Auf die Zeittafeln folgten umfangreichere Anmerkungen zu einem nicht vorhandenen Text (außerdem gab es in der Mappe viele aufgeklebte Photographien irgendwelcher Altertümer). Die zweite oder dritte dieser Anmerkungen, die Tatarski aufschlug, trug den Titel
BABYLON: Die drei chaldäischen Rätsel
Unter dem 0 im Wort BABYLON war noch ein verwischtes E zu erkennen – ein korrigierter Tippfehler, weiter nichts, doch für Tatarski ein Grund zur Aufregung. Sein Name, den er bei der Geburt verliehen bekommen und bei Erreichen der Volljährigkeit wieder abgelegt hatte, holte ihn in diesem Moment wieder ein und mit ihm jene Schicksalsrolle, die die babylonischen Geheimlehren für ihn spielen sollten (so hatte er es den Mitschülern immer weisgemacht) und an die er schon lange nicht mehr gedacht hatte.
Unter dem Titel fand sich das Photo eines Siegelabdrucks: eine vergitterte Tür auf dem Gipfel eines Berges oder einer gezackten Pyramide und daneben ein bärtiger Mann, der einen Rock und um die Schultern eine Art Umhang trug. Tatarski meinte zu erkennen, daß er zwei abgeschlagene Köpfe am dünnen Haupthaar hielt. Der eine hatte kein Gesicht, der andere lächelte freundlich. Dann las Tatarski die Bildunterschrift: Chaldäer mit Maske und Spiegel auf der Zikkurat. Er ließ sich auf dem Stapel der dem Schrank entnommenen Bücher nieder und begann zu lesen, was unter dem Photo geschrieben stand.

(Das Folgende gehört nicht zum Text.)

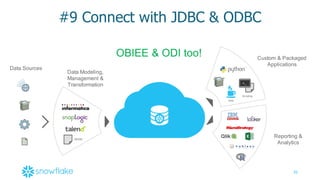 30
#9  Connect  with  JDBC  &  ODBC
Data  Sources
Custom  &  Packaged  
Applications
ODBC WEB UIJDBC
Interfaces
Java
>_
Scripting
Reporting  &  
Analytics
Data  Modeling,  
Management  &  
Transformation
SDDM
OBIEE  &  ODI  too!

S. 123. Spiegel und Maske sind die rituellen Insignien der Ischtar. Als kanonische Darstellung, die die Sakralsymbolik im betr. Kult am umfassendsten ausdrückt, gilt Ischtar hinter goldener Maske, sich im Spiegel betrachtend. Das Gold sei der Leib der Göttin, seine negative Projektion das Sternenlicht. Von daher wird verschiedentlich gemutmaßt, daß als drittes göttliches Insigne der Fliegenpilz zu gelten hat, dessen Hut eine natürliche Sternkarte zeigt. In diesem Fall wäre Amanita mit einem hie und da in Texten auftauchenden Himmelspilz gleichzusetzen. Eine indirekte Bestätigung findet diese Hypothese durch Details in dem Mythos von den drei großen Zeitaltern – dem roten, dem blauen und dem gelben Himmel. Über den roten Fliegenpilz A. muscaria nimmt der Chaldäer Kontakt zur Vergangenheit auf, Weisheit und Kraft des Zeitalters des roten Himmels werden durch ihn erfahrbar. Der braune Fliegenpilz (A. pantherina, Pantherpilz; für »braun« und »gelb« gibt es im Akkadischen nur ein Wort) stellt die Verbindung zur Zukunft her, über ihn wird man all ihrer unerschöpflichen Energie teilhaftig.
Tatarski blätterte aufs Geratewohl einige Seiten weiter; dort war erneut von Fliegenpilzen die Rede.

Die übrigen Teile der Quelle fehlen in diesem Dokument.